2. Whether imposing tax at 18% for the job work done in relation to the manufacture of liquor for human consumption is prospective in operation.

Detailed Analysis:

Issue 1: Whether alcoholic liquor for human consumption falls within the meaning of food or food products.
The petitioner, a manufacturer of Indian Made Foreign Liquor, challenged the assessment levying CGST amounting to Rs. 24,94,104/- with penalty and interest for the tax periods 2017-2018, 2018-2019, and 2019-2020. The petitioner contended that the job work charges related to the manufacture of alcoholic liquor should be taxed at 5% as per Notification No.6/2021-Central Tax (Rate) dated 30.09.2021, rather than at 18%.

The petitioner argued that since alcoholic beverages fall under Chapter 22 of the First Schedule to the Customs Tariff Act, they should be considered as "food and food products" and taxed at 5%. However, the assessing authority held that not all products under Chapters 1 to 22 attract a 2.5% tax, and only food and food products are eligible for this exemption. The Supreme Court in Collector of Central Excise Vs Parle Exports Pvt Ltd (1998) held that non-alcoholic beverages were not eligible for exemption as food products, implying that expensive items like alcoholic liquor were never intended to be exempted under the category of food and food products.

The court noted that there is no definition of "food and food products" under the Act, and not everything consumed by humans can be considered as such for tax exemption purposes. The GST Council, in its 45th Meeting on 17.09.2021, clarified that food and food products exclude alcoholic beverages for human consumption. Therefore, services by way of job work in relation to the manufacture of alcoholic liquor for human consumption are not eligible for the 5% GST rate.

Issue 2: Whether imposing tax at 18% for the job work done in relation to the manufacture of liquor for human consumption is prospective in operation.
The petitioner argued that Notification No.6/2021, dated 30.09.2021, should be prospective and not retrospective. However, the court held that the notification does not substitute the earlier notification but clarifies it by incorporating a clause in line with the law laid down by the Supreme Court.

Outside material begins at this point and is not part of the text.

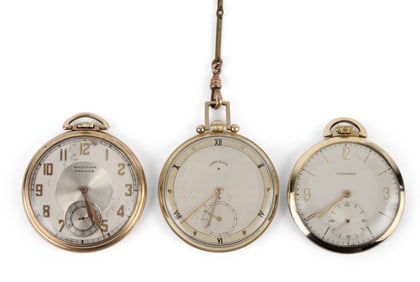 Three Art Deco Gentleman's Open Faced Pocket Watches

The court referred to the Supreme Court's decision in CIT v Vatika Township Pvt Ltd, which stated that if a statute is curative or merely declaratory of the previous law, retrospective operation is generally intended. The court concluded that Notification No.6/2021 is clarificatory in nature and therefore retrospective in operation.

Conclusion:
The court dismissed the writ petition, holding that alcoholic liquor for human consumption does not constitute food or food products under Chapters 1 to 22 of the First Schedule of the Customs Tariff Act, 1975. Consequently, the petitioner is liable to pay tax at 18% as per Notification No.6/2021, and this notification is retrospective in operation. The petition was dismissed with no order as to costs, and any pending miscellaneous petitions were closed.